▸ **Supplied records**

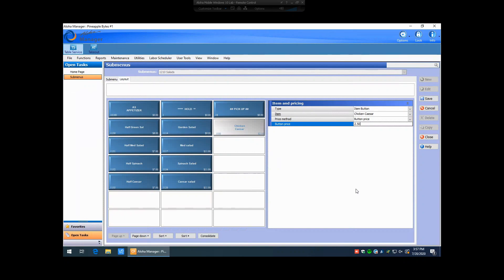That is basically taking an item that you've created in item maintenance, assigning it to a submenu panel, and then pushing through a refresh to send that information to the terminal, so the staff is able to ring in that item now. Thank you for tuning in to another Pineapple Bites video session, and I hope this was helpful.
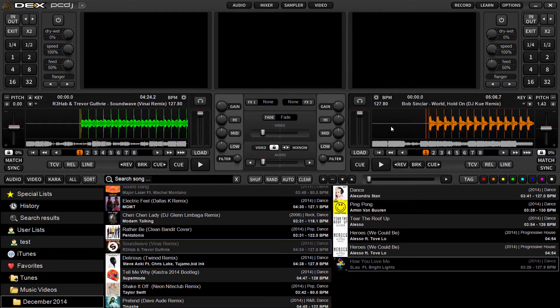Hey, what's up everyone, it's Ryan Scherr here with PCDJ DEX 3.2. DEX 3.2 was just released on December 31st, the last day of the year. This new update includes a number of new features. I'm working with the Windows version — the inclusion of 64-bit support, the ability to record your video mix, and DirectX 11 support are all part of this fairly major core update to the platform.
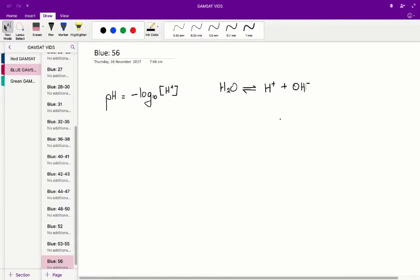Question 56, Ace of Blue Paper. At 60 degrees, pure water has a pH value that is...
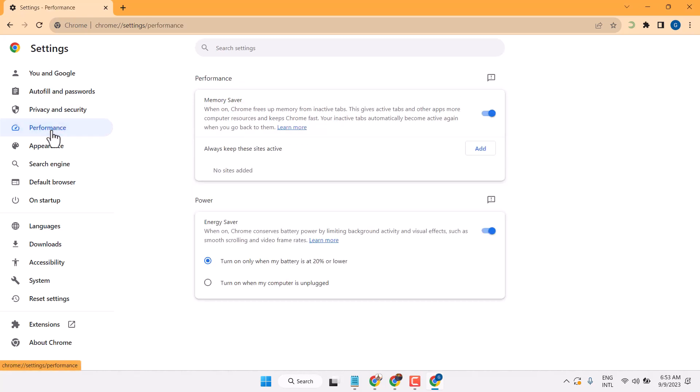Performance, and here you will see two options. First one is memory saver. To enable, select this setting to on position.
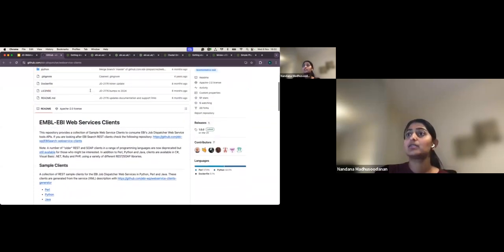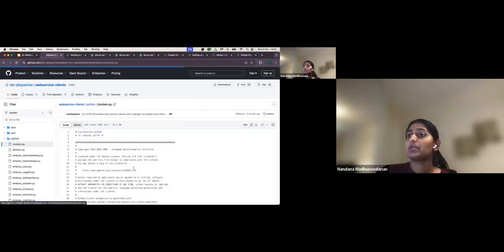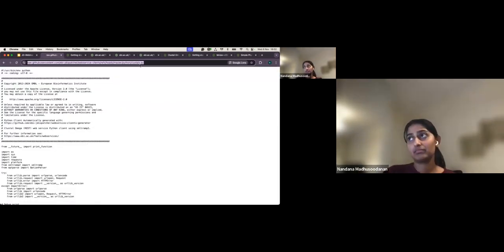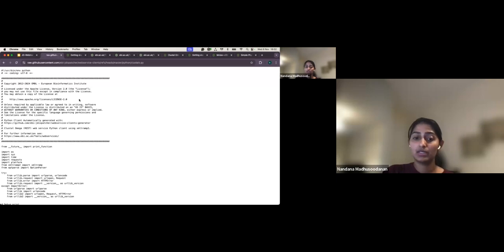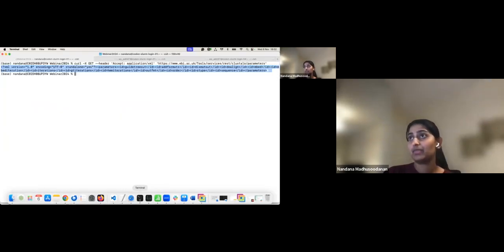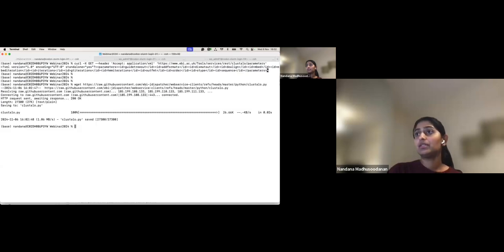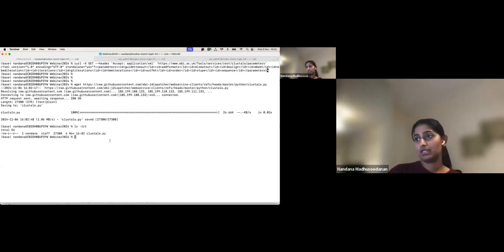I'm downloading the clustalo.py file using a wget command. If you're using multiple tools, you can also clone the entire repository with git clone. In this case I'm just downloading the single file. Now I have the clustalo.py file.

▸ **Your task**
Restate the records above in full and word for word, but do not carry over any pictures.

▸ **Answer box**
That is basically taking an item that you've created in item maintenance, assigning it to a submenu panel, and then pushing through a refresh to send that information to the terminal, so the staff is able to ring in that item now. Thank you for tuning in to another Pineapple Bites video session, and I hope this was helpful.
Hey, what's up everyone, it's Ryan Scherr here with PCDJ DEX 3.2. DEX 3.2 was just released on December 31st, the last day of the year. This new update includes a number of new features. I'm working with the Windows version — the inclusion of 64-bit support, the ability to record your video mix, and DirectX 11 support are all part of this fairly major core update to the platform.
Question 56, Ace of Blue Paper. At 60 degrees, pure water has a pH value that is...
Performance, and here you will see two options. First one is memory saver. To enable, select this setting to on position.
I'm downloading the clustalo.py file using a wget command. If you're using multiple tools, you can also clone the entire repository with git clone. In this case I'm just downloading the single file. Now I have the clustalo.py file.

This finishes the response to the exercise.